1. Perform hand hygiene. (Reduces spread of microorganisms.)

2. Introduce self. (Decreases patient's anxiety.)

3. Identify patient by identification band. (Verifies correct patient for procedure.)

4. Explain procedure. (Seeks cooperation and assistance from patient and decreases patient's anxiety.)

5. Determine whether patient has ingested caffeine or has been smoking. (If so, wait 30 minutes before assessment, because caffeine and smoking can cause false elevations.)

6. Prepare for procedure:

a. Assemble all necessary supplies, sphygmomanometer, and stethoscope. (Organizes procedure efficiently.) Determine the correct cuff size. (An improper size gives an inaccurate reading.) The cuff should be approximately 40% of the circumference of the extremity on which the cuff is to be used. (A higher, inaccurate reading is obtained if too small a cuff is used; a lower, inaccurate reading is obtained if too large a cuff is used.)

b. Provide privacy. (Decreases patient's anxiety.)

c. Request that patient assume sitting or lying position. Be certain room is quiet and warm. (Maintains comfort.)

d. Determine site for blood pressure measurement. Do not apply cuff to arm when in the following situations: (Applying the cuff complicates these preexisting conditions.)

(1) Catheter is in antecubital fossa and fluids are infusing.

(2) Arteriovenous shunt is in place.

(3) Breast or axillary surgery has been performed on that side.

(4) An arm or hand has been traumatized or is diseased.
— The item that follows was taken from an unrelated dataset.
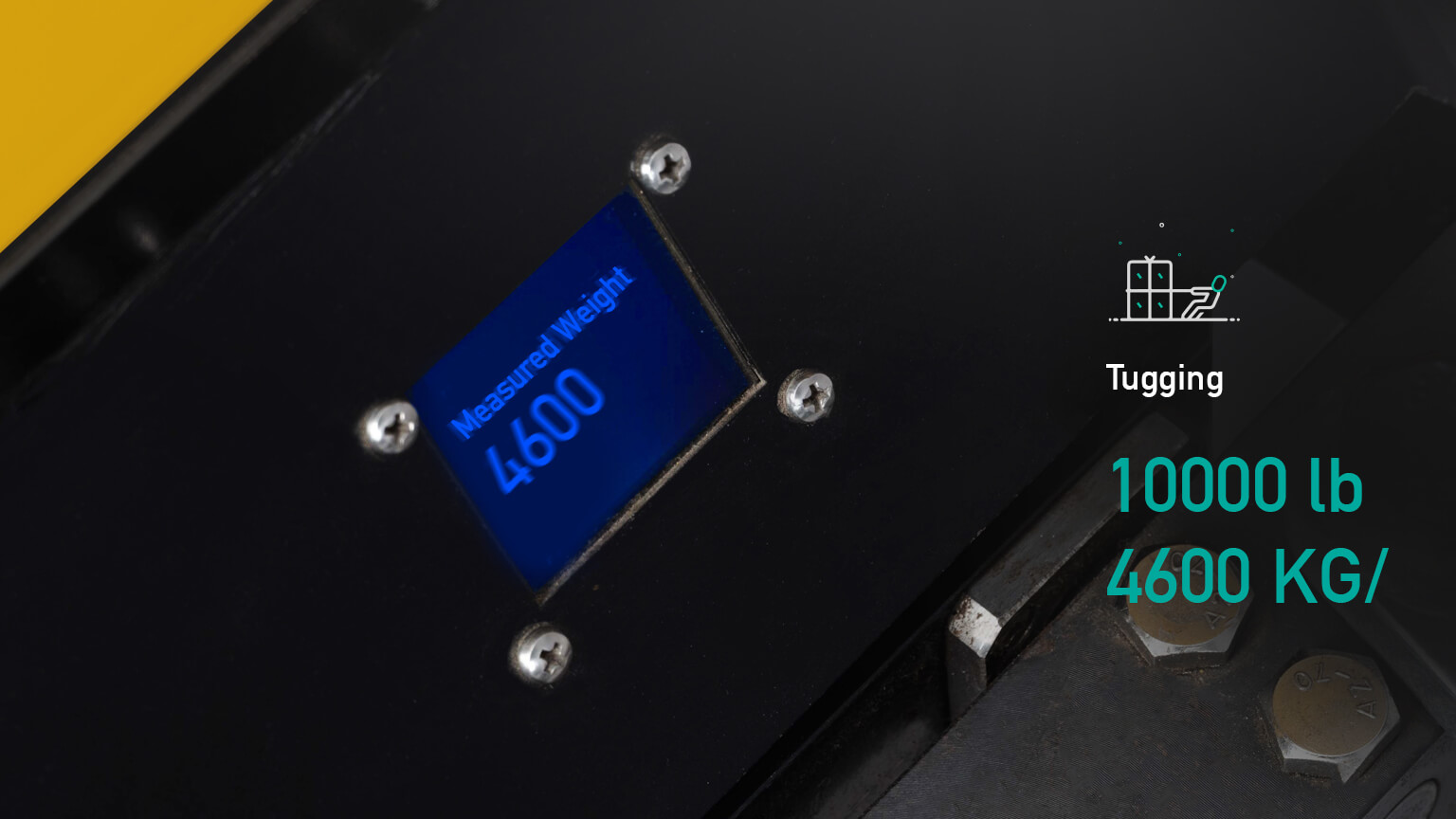 Sherpa 10K product view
(5) A lower arm cast or bulky bandage is in place.

7. Implement procedure:

a. Apply cuff to bare arm with patient's palm facing upward. Do not hyperextend. The cuff is applied 1 to 2 inches above the antecubital space. The cuff is centered over the brachial artery. The patient's upper arm is held at the level of the heart, and the lower arm is rested on a firm surface. (Ensures accuracy of procedure.)

b. Palpate radial artery (see illustration in Skill 11-2).
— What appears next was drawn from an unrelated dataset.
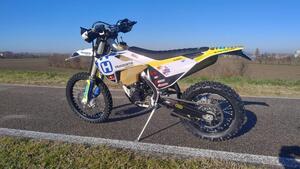 Husqvarna FE 350 (2017)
c. Inflate cuff. Note the point on the manometer gauge when the radial pulse is obliterated. (This is the approximate systolic pressure.)
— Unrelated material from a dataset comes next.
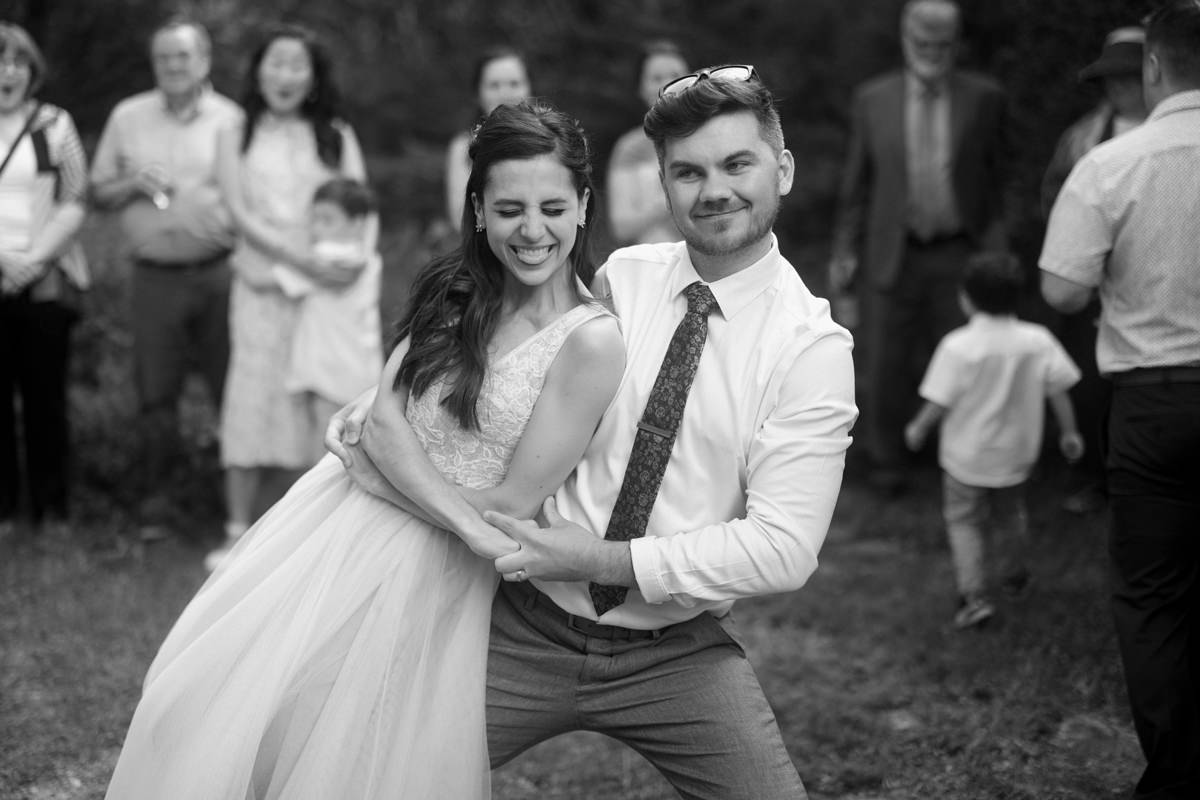 Cottage Wedding Photographer La Peche Wakefield (107)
d. Deflate the cuff. (Deflating the cuff allows congestion to leave the arm, preventing a false-high reading.) Rest arm for 1 minute.

e. Palpate the brachial artery and place the bell or the diaphragm of the stethoscope over it.

f. Reinflate cuff to 30 mm Hg above point at which radial artery was obliterated. (Avoids the auscultatory gap.) Estimating prevents false low readings that possibly result from the presence of this auscultatory gap (inaudible sounds below the systolic pressure). This phenomenon occurs in about 5% of adults and is prevalent in individuals with hypertension.

g. Slowly deflate cuff. Cuff is deflated at a rate of 2 mm Hg per second. Note the point at which the pulse is heard. (This is the systolic pressure.) Note the point at which no pulse is heard. (This is the diastolic pressure.)

h. When the Korotkoff sounds are no longer audible, continue to listen for another 10 to 20 mm Hg. (Confirms blood pressure reading. Too-rapid deflation often causes a measurement error.)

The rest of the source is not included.